MILWAUKEE (AP) - Democrat Mary Burke is the first woman to win a major party nomination for governor in Wisconsin. She shares a ticket with Susan Happ, who defeated two men for her party’s nomination for attorney general. And on the Republican side, Lt. Gov. Rebecca Kleefisch is running for a second term.
With women in high positions on the November ballot, here are a few things to know about gender and its role in politics:
WOMEN LEAN LEFT, MEN LEAN RIGHT
In general, women tend to be more liberal in their political beliefs than men, said Richard Matland, a political scientist and visiting scholar at University of Wisconsin-Madison. Women are more likely than men to believe that government can and should help people with such things as finding jobs and obtaining health care, he said.

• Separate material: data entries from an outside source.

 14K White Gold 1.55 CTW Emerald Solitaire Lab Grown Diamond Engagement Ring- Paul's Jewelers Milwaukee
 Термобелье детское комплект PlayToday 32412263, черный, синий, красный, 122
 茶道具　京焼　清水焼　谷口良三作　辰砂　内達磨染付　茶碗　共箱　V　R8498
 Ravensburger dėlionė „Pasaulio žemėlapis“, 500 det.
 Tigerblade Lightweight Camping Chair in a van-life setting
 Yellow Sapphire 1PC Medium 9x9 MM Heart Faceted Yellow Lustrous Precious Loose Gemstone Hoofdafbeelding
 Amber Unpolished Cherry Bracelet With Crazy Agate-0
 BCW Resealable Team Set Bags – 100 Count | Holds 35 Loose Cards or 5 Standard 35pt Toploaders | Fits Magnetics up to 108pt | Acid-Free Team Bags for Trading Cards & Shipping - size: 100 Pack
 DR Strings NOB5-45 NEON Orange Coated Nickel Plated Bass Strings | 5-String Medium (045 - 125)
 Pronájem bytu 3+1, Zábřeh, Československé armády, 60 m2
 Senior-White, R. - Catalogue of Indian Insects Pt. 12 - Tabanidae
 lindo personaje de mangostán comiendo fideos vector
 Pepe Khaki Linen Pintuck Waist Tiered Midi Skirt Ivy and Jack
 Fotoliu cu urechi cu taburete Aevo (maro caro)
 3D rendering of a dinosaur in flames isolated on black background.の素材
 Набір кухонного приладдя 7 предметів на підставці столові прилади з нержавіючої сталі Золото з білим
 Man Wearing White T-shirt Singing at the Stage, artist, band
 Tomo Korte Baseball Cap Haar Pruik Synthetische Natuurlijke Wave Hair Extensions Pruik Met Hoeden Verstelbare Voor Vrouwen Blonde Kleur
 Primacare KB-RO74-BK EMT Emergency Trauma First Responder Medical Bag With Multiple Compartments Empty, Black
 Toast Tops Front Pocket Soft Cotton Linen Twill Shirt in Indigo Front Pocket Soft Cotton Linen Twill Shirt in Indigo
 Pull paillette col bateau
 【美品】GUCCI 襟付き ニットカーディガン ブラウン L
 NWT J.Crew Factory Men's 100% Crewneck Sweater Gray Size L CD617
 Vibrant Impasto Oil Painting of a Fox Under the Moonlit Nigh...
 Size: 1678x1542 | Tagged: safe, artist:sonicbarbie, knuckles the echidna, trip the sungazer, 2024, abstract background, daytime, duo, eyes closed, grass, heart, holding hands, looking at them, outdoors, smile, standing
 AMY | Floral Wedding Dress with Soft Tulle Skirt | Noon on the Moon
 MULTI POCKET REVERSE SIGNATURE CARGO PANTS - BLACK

In foreign policy, women tend to be less interventionist than men and express greater skepticism about military action.
But there’s one area in which men and women don’t differ: abortion.
“Men and women are split almost exactly the same on abortion questions, now there’s some argument that women are more intense on the pro-side … but if you just ask public opinion polling, women and men tend to be pretty much equal on that,” Matland said.
POWER EQUALS EFFECTIVENESS
Men often see power as something to be wielded, such as over a budget or another person, while women equate power with the ability to get things done, Beloit College political scientist Georgia Duerst-Lahti said. Women also dislike rancor and are more willing than men to work together to get things done, she said.
As an example, Duerst-Lahti pointed to the women U.S. senators who engineered a compromise last year to end a three-week partial federal shutdown.
“There certainly are positive stereotypes about women, and one is that they get things done, rather than posture,” she said.
JOBS ARE A WOMAN’S ISSUE
Female candidates have traditionally spoken about so-called women’s issues - such as discrimination in hiring, gender gaps in pay, unequal access to health care and domestic violence - because they have personally dealt with those problems, said Kathleen Falk, a former Dane County executive who lost the Democratic nomination for governor to Milwaukee Mayor Tom Barrett in 2012.
But ideas about what’s important to women are changing. Burke has campaigned almost exclusively on a platform of job creation.
“It shouldn’t be surprising that candidates tend to talk about whatever may have helped inspire them to run for office in the first place,” Falk said. “What’s interesting here is that for someone like Mary Burke, that personal drive and experience includes a significant business and job-creation record … She’s talking about what she knows and what motivates her.”
A WOMAN IN ACTION
Gender matters, said Peg Lautenschlager, the only woman to serve as Wisconsin attorney general. She said that’s especially true in that office given the attorney general’s discretion over which cases to take, as men and women may prioritize different issues.
The attorney general also oversees law enforcement training and crime victims’ assistance programs, with the power to place more or less emphasis on domestic violence, human trafficking and other crimes.
“All of those sorts of things greatly impact women in very fundamental ways that affect their everyday lives,” Lautenschlager said.